O relatório final afirma que, quando Azam ordenou a aproximação após 14 segundos no solo, eles haviam desacelerado apenas de 195 nós para 160 nós, o que ainda estava bem acima da velocidade normal de pouso. Nesse momento, eles estavam deslizando por cerca de 3.200 pés, com alguma parte do avião em contato com o solo por mais de dois terços dessa distância. Considerando tudo, essa desaceleração foi bastante insignificante, porque, como se vê, deslizar não é tão eficiente quanto frear.
Além disso, os spoilers não eram acionados automaticamente, e não podiam ser acionados, porque não havia peso sobre as rodas. Normalmente, os spoilers do A320 são acionados automaticamente no pouso para "estragar" a sustentação das asas e forçar o peso do avião para baixo sobre o trem de pouso, aumentando a eficácia dos freios. Mas com o trem de pouso recolhido, os spoilers não conseguiam ser acionados e, com uma velocidade tão alta, as asas teriam continuado a gerar sustentação, fazendo com que o avião deslizasse sobre a superfície da pista em vez de se acomodar totalmente sobre os motores.
Quando o voo 8303 decolou, restavam apenas 767 metros até o final da pista de 3.375 metros, além de uma área de ultrapassagem pavimentada de 304 metros. Tendo desacelerado apenas 35 nós nos primeiros 975 metros, parece improvável que pudessem ter perdido os outros 160 nós nos 1067 metros restantes sem meios de frenagem disponíveis. O avião provavelmente teria continuado além do final da superfície pavimentada. Se permanecesse em movimento por mais de 180 metros depois disso, teria atingido uma estrada de quatro pistas, seguida 30 metros adiante por um grande canal de irrigação. Possíveis resultados após esse ponto são puramente especulativos, mas provavelmente ruins.
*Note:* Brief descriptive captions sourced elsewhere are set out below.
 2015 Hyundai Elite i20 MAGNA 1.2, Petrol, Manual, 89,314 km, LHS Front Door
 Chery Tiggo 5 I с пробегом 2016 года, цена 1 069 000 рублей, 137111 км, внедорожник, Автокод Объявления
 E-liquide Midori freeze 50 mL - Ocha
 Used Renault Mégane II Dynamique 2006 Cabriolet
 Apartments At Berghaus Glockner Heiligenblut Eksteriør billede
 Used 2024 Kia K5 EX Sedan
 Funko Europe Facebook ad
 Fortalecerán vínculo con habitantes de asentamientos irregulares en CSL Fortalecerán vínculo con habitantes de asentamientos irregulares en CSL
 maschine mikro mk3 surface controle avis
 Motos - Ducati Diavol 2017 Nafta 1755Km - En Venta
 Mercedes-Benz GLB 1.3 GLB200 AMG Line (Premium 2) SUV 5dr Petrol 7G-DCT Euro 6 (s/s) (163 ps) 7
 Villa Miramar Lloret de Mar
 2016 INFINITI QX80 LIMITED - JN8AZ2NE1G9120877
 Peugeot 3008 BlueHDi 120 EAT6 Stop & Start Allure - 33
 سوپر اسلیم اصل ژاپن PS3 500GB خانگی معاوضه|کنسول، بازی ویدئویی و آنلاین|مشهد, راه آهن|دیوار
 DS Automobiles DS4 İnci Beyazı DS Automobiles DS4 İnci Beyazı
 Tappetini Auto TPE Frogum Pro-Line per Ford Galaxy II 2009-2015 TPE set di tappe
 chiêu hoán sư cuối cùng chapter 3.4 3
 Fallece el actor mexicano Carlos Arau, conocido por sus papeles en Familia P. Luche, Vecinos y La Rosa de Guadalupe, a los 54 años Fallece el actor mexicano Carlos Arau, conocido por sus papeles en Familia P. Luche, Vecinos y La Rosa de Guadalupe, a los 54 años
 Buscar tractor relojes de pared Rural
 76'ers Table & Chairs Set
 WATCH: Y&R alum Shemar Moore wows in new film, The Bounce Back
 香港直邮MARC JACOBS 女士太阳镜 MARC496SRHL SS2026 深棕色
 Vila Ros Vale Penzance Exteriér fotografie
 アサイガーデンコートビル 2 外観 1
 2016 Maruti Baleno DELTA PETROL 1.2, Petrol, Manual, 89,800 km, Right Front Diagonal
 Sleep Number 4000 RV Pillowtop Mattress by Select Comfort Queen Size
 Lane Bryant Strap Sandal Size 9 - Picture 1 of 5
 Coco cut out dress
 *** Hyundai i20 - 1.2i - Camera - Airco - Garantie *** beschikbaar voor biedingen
Bombeiros se reúnem na rua bastante danificada (AFP)
Devido à natureza complexa dos danos sofridos durante o pouso de barriga, os investigadores não conseguiram determinar se o avião poderia ter pousado com segurança após a arremetida. Embora os pilotos, sem dúvida, tenham piorado a situação ao reduzir a potência do motor errado após a perda de empuxo no nº 1, a importância desse erro para o resultado era incerta.
Em teoria, se o motor direito não tivesse sido deixado em marcha lenta por um minuto inteiro após a falha do motor esquerdo, eles poderiam ter empuxo suficiente para deixar a vizinhança da Colônia Modelo e alcançar a pista. Mas, por outro lado, não havia garantia de que aumentar a potência do motor direito mais cedo não teria causado sua falha mais cedo também, resultando no mesmo resultado.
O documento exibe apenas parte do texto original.